Restate each entry exactly, without pictures.

Segment Open

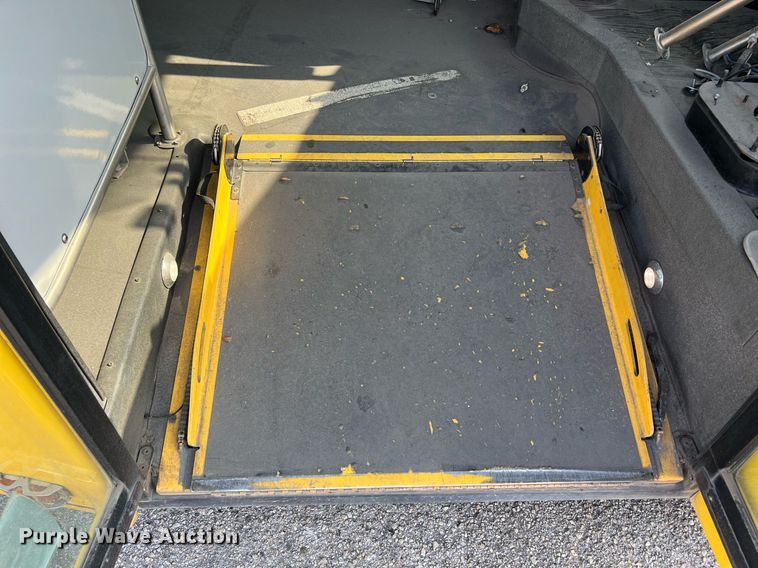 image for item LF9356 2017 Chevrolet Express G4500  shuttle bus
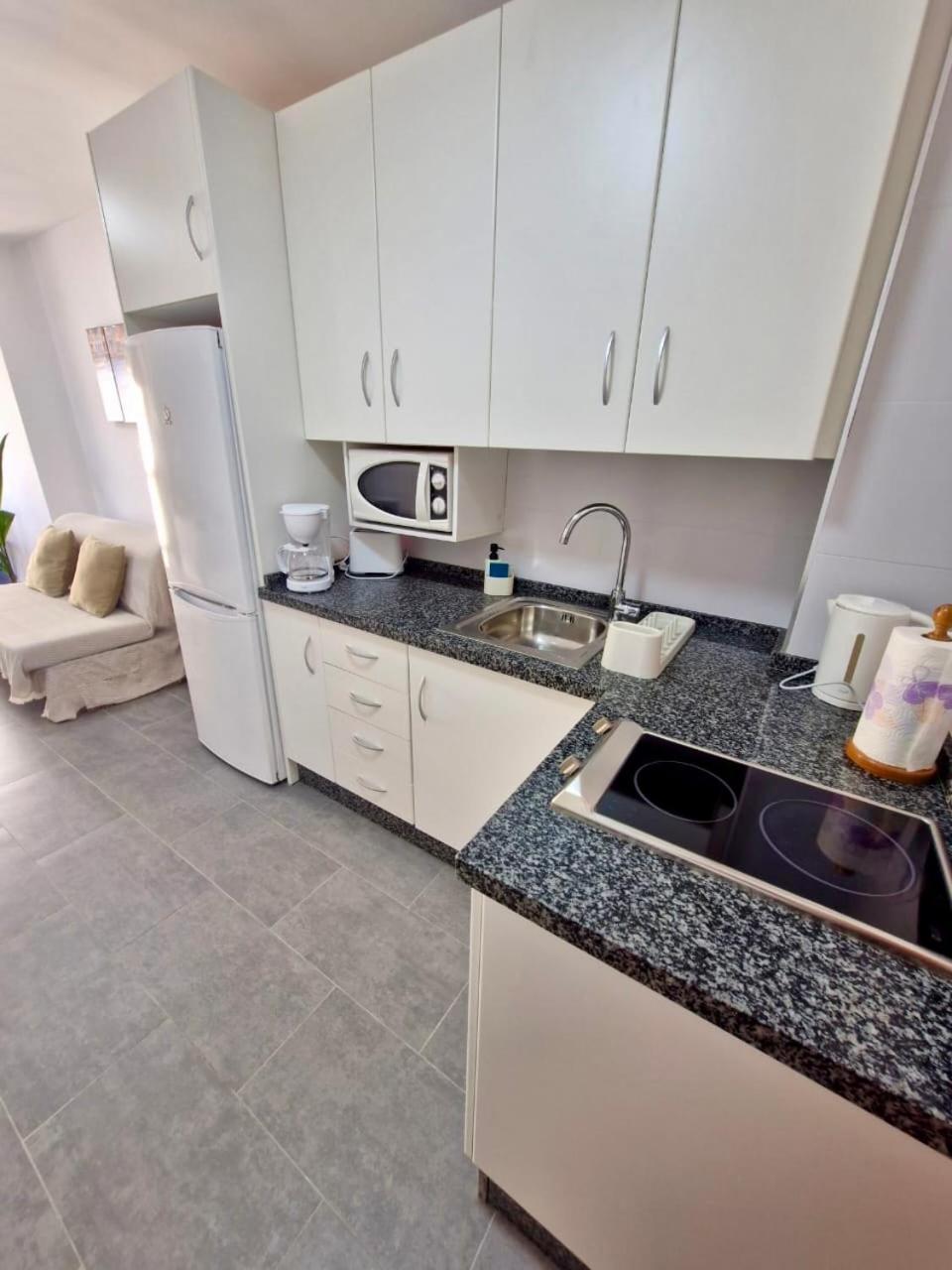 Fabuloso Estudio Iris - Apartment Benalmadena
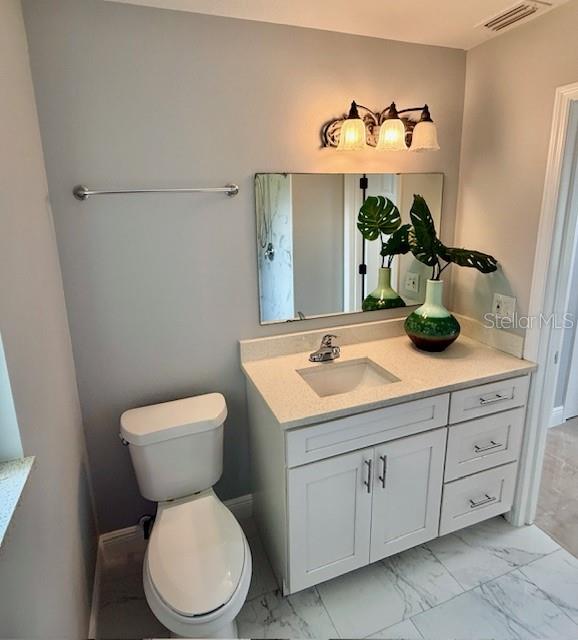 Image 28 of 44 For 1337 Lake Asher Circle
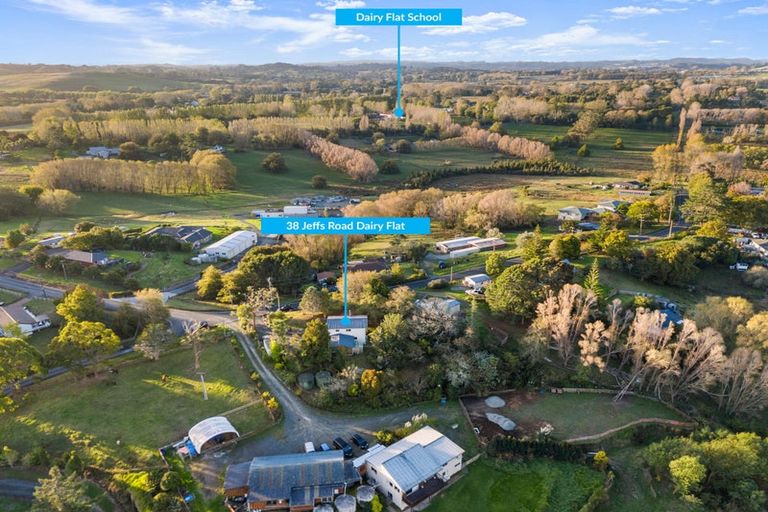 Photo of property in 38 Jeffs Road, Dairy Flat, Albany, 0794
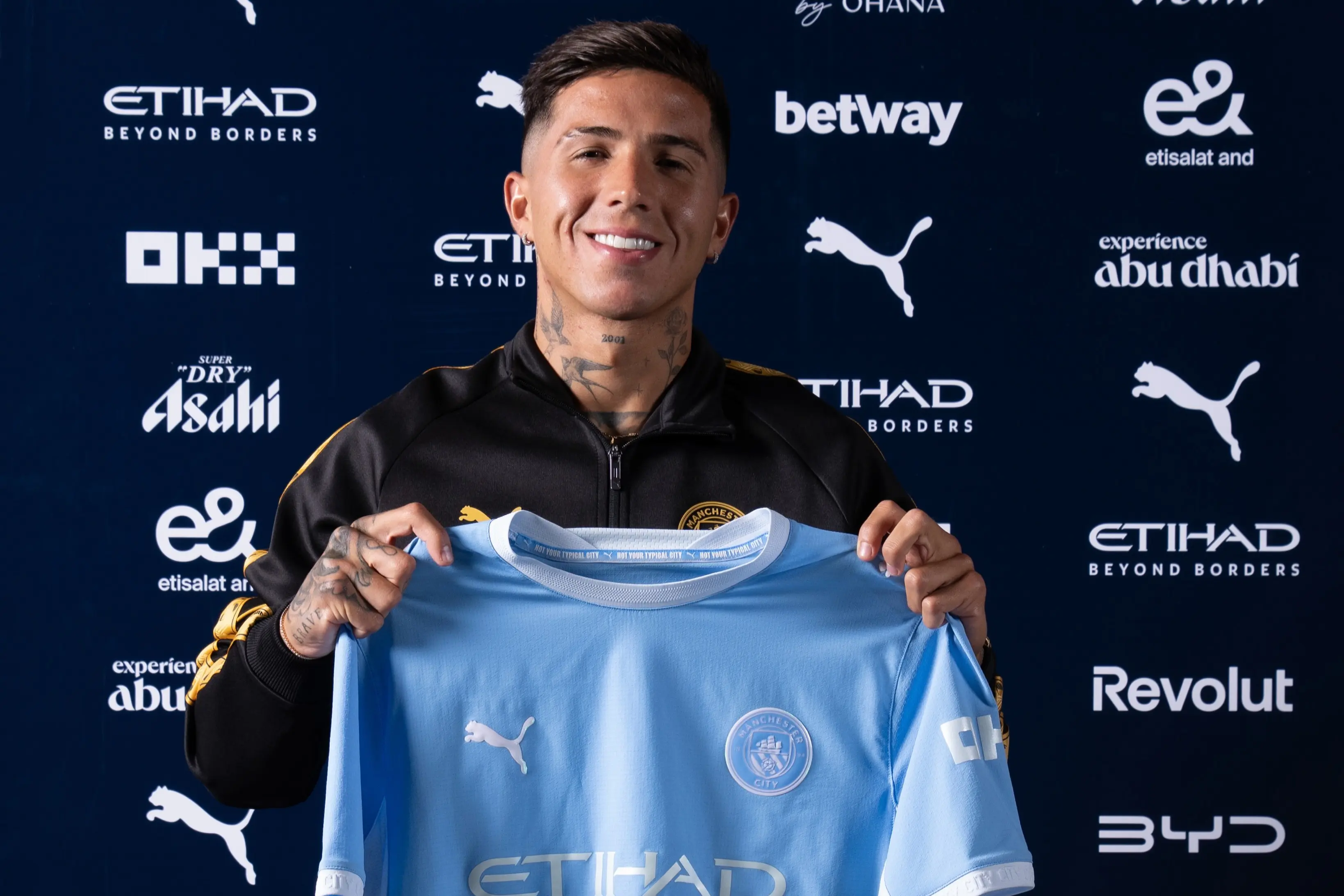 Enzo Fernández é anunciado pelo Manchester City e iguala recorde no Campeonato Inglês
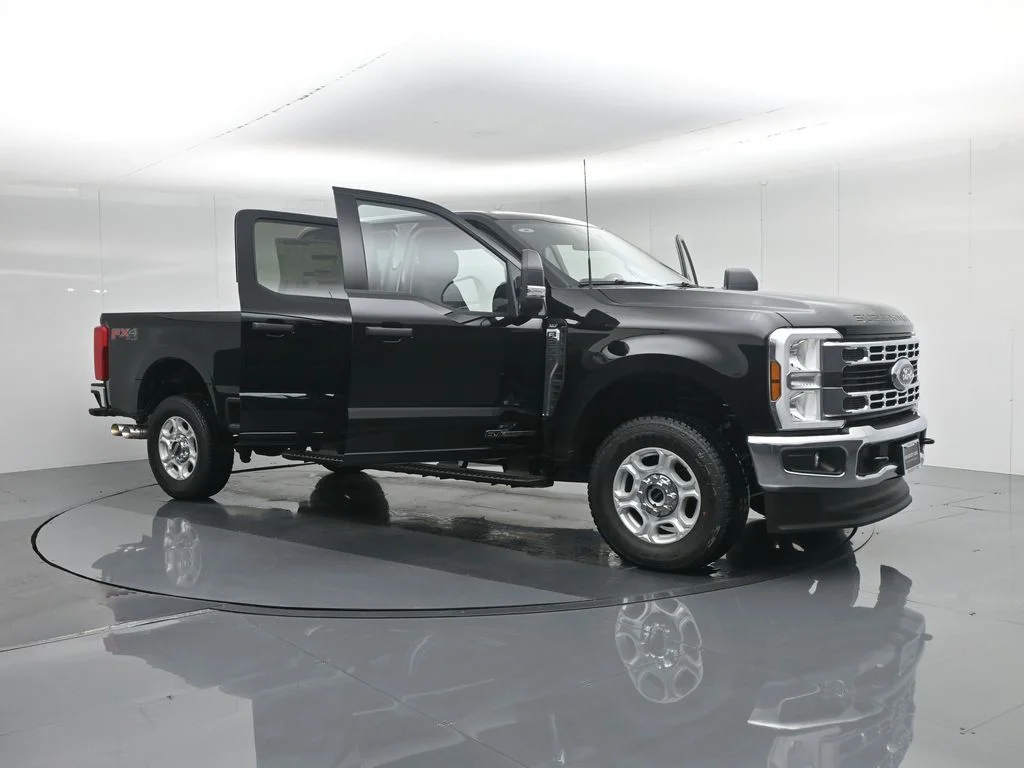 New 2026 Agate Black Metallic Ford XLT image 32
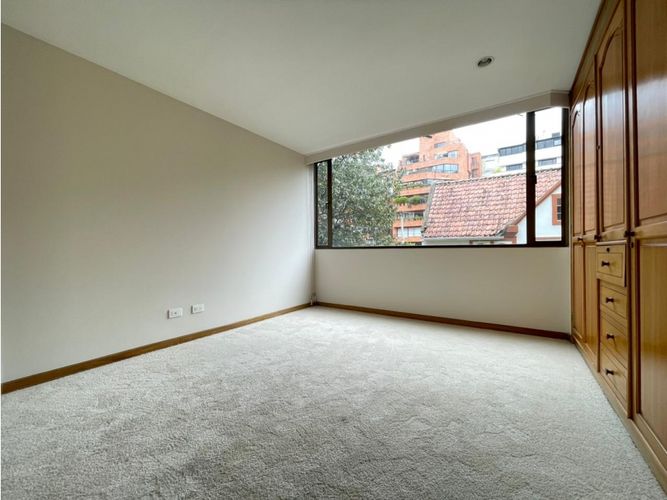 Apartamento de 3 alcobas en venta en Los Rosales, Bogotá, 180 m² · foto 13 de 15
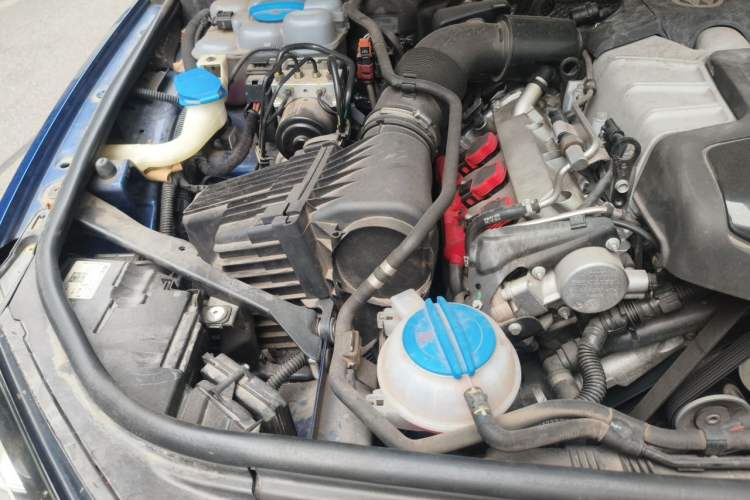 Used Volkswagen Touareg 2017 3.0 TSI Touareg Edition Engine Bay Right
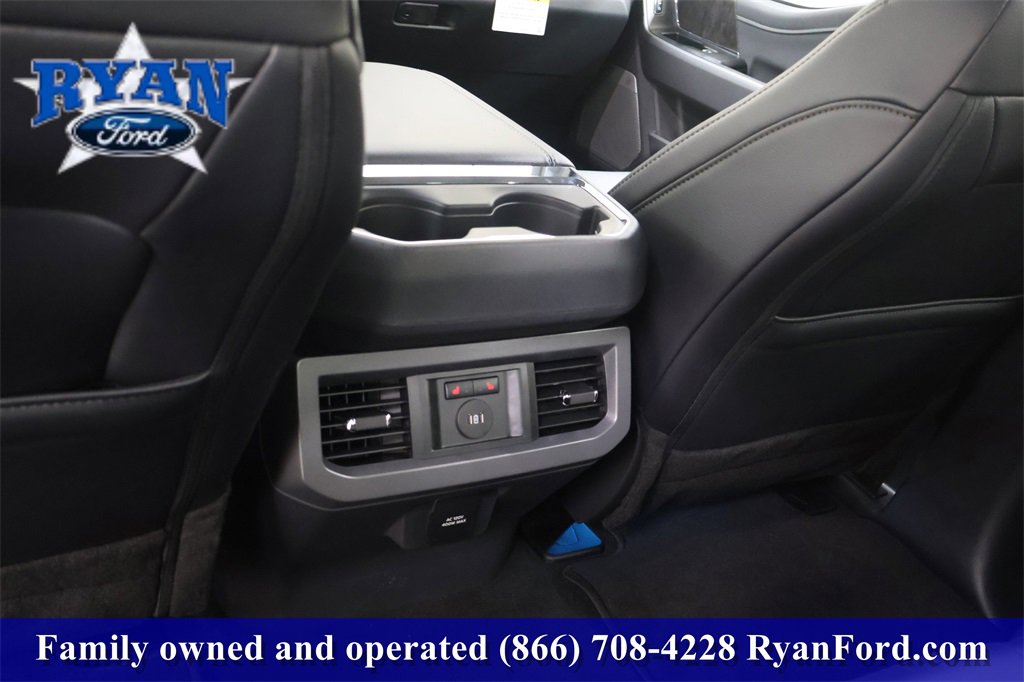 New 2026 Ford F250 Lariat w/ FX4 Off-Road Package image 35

Segment Closed

§ Written reply:
 image for item LF9356 2017 Chevrolet Express G4500  shuttle bus
 Fabuloso Estudio Iris - Apartment Benalmadena
 Image 28 of 44 For 1337 Lake Asher Circle
 Photo of property in 38 Jeffs Road, Dairy Flat, Albany, 0794
 Enzo Fernández é anunciado pelo Manchester City e iguala recorde no Campeonato Inglês
 New 2026 Agate Black Metallic Ford XLT image 32
 Apartamento de 3 alcobas en venta en Los Rosales, Bogotá, 180 m² · foto 13 de 15
 Used Volkswagen Touareg 2017 3.0 TSI Touareg Edition Engine Bay Right
 New 2026 Ford F250 Lariat w/ FX4 Off-Road Package image 35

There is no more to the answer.